#### Records:
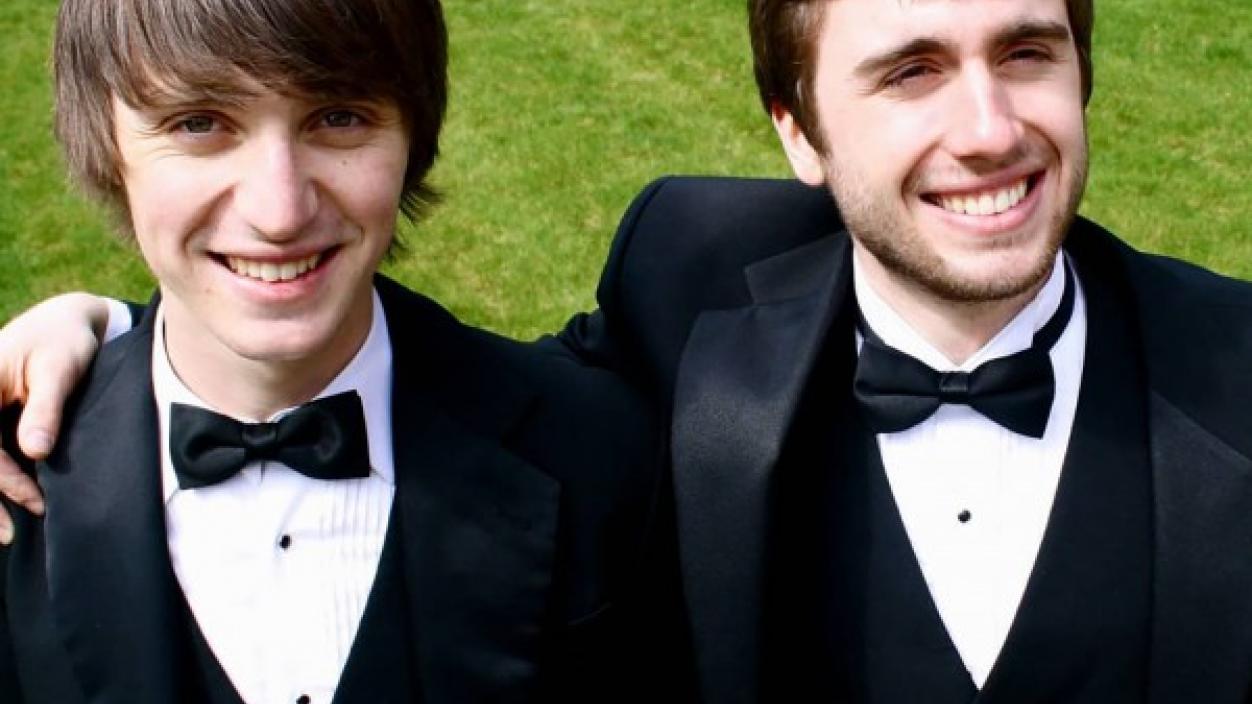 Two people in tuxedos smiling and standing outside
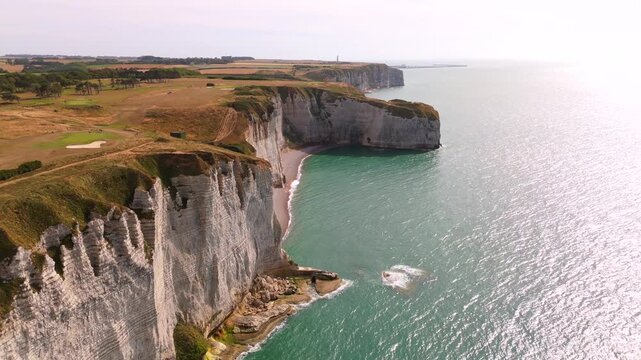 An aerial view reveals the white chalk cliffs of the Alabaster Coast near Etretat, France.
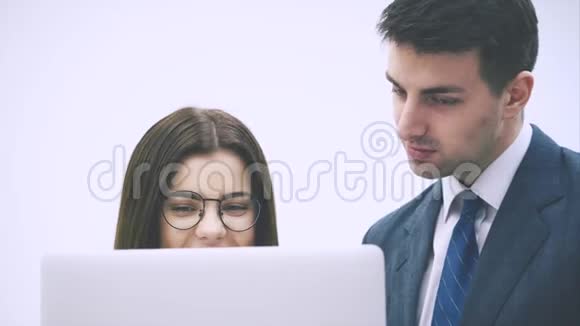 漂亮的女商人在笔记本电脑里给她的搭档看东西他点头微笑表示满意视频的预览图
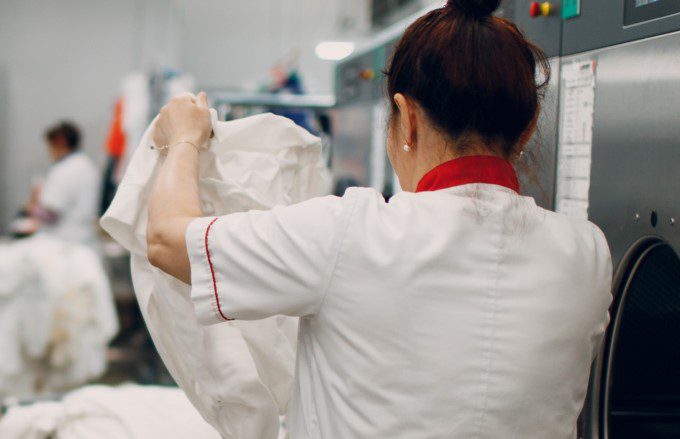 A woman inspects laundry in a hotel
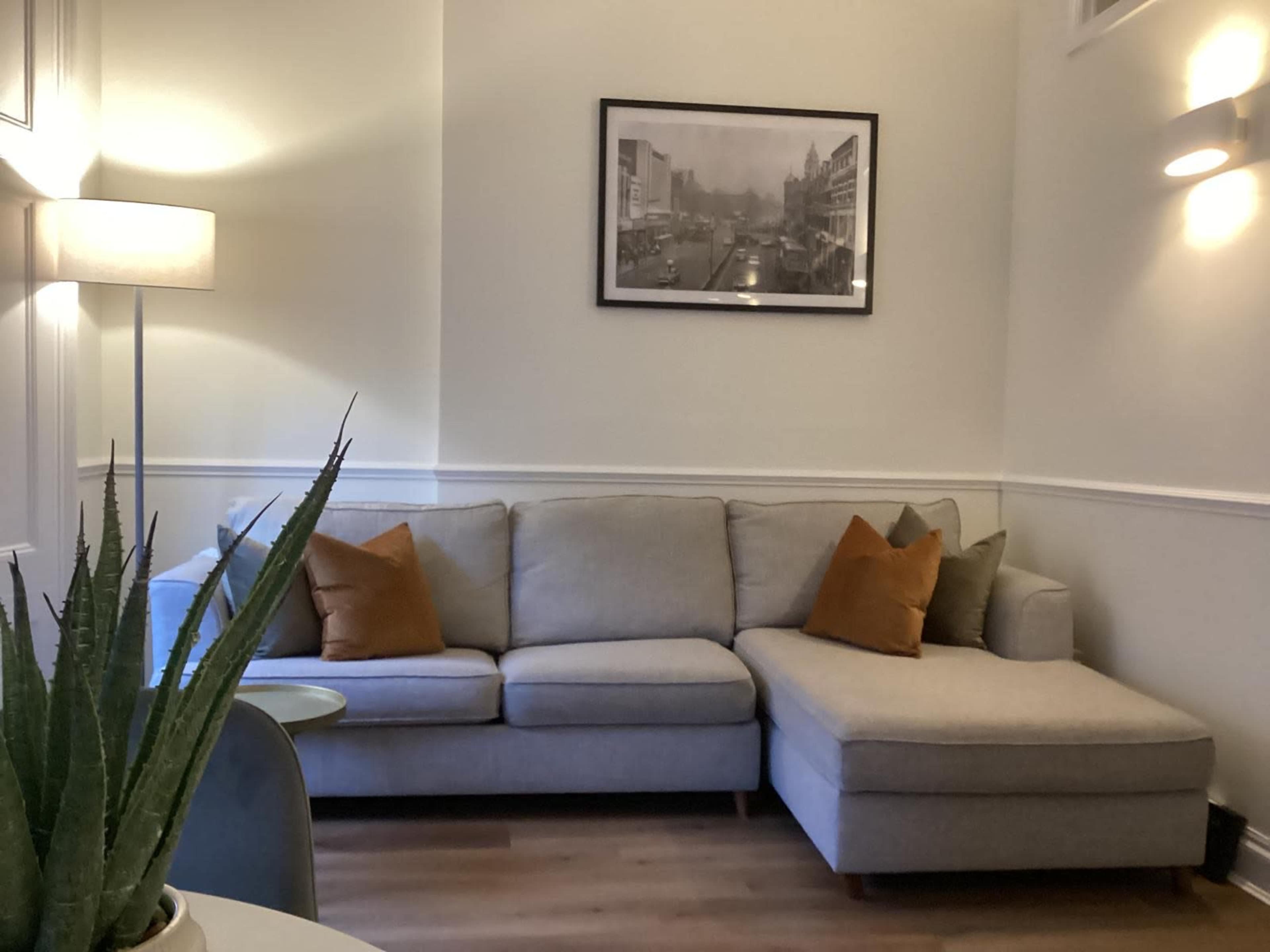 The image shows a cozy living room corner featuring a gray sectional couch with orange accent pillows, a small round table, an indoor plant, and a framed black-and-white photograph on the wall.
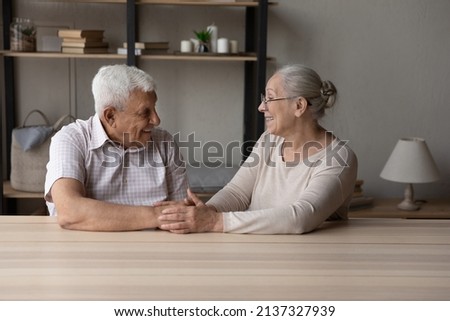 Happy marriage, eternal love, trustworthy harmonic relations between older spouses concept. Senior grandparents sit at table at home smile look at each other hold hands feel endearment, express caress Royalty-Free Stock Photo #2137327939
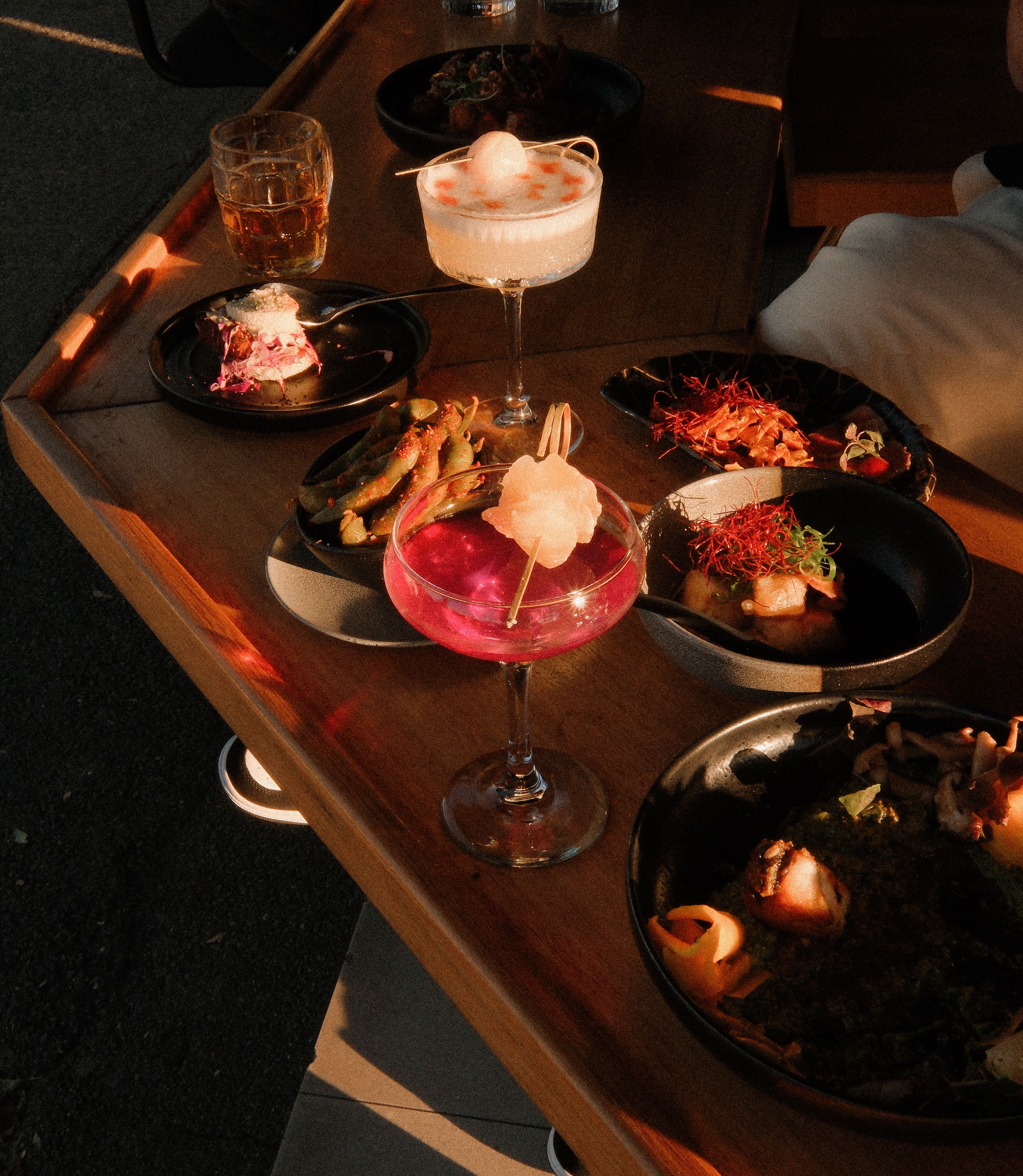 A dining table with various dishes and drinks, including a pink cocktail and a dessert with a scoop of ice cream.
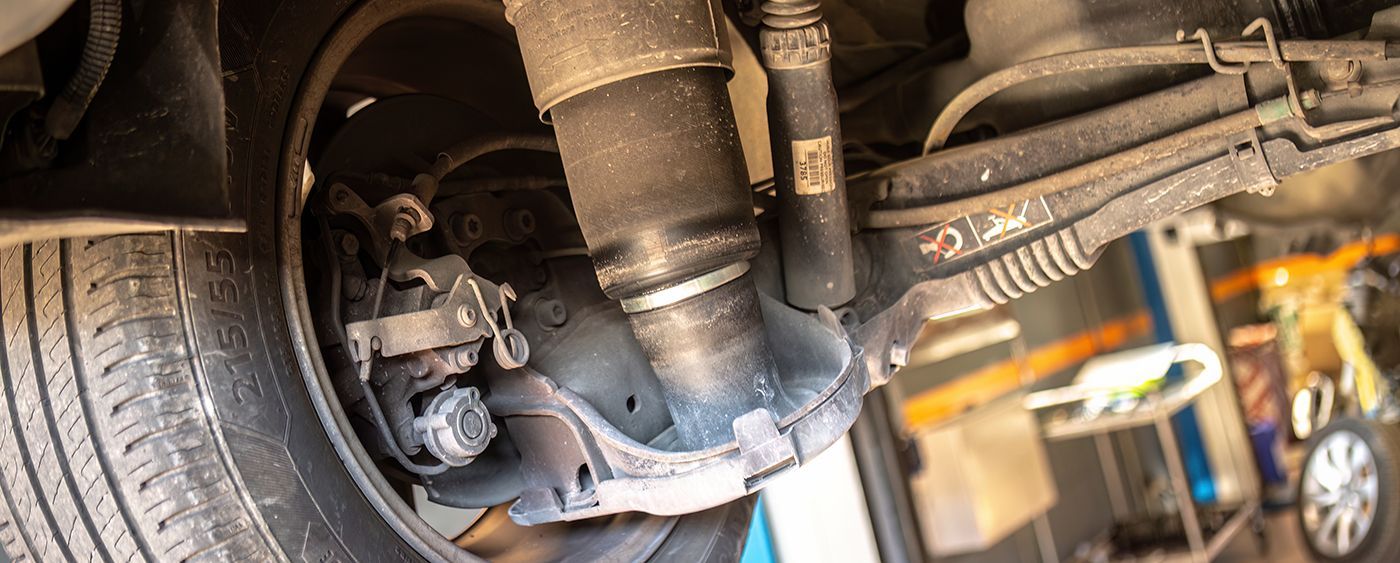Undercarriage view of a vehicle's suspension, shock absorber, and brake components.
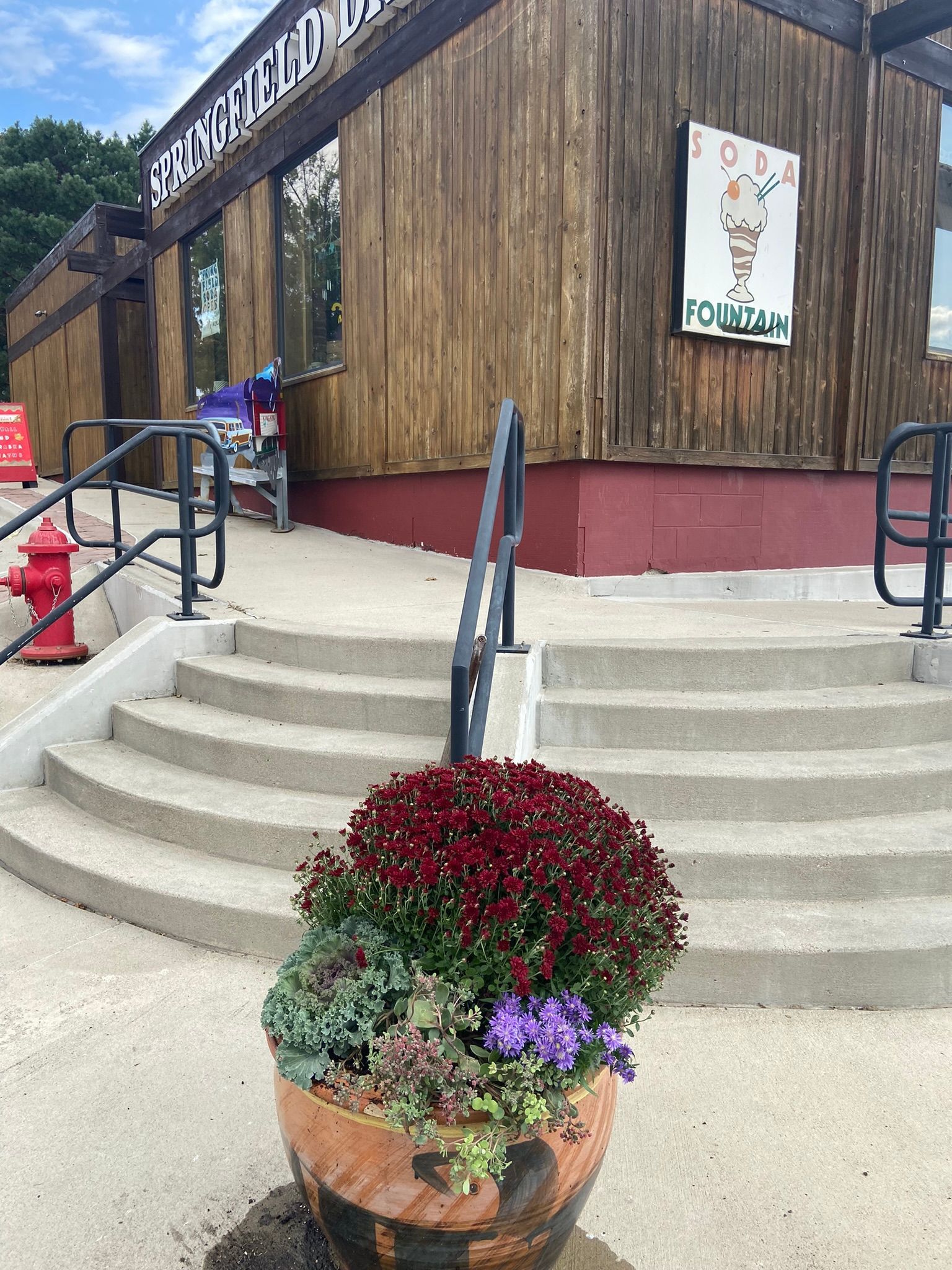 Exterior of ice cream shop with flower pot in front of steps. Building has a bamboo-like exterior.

#### The problem:
From the line containing "A dining table" to the last line of the records above, return each line exactly, both ends included, and nothing more. Leave out the pictures.

#### Your solution:
 A dining table with various dishes and drinks, including a pink cocktail and a dessert with a scoop of ice cream.
Undercarriage view of a vehicle's suspension, shock absorber, and brake components.
 Exterior of ice cream shop with flower pot in front of steps. Building has a bamboo-like exterior.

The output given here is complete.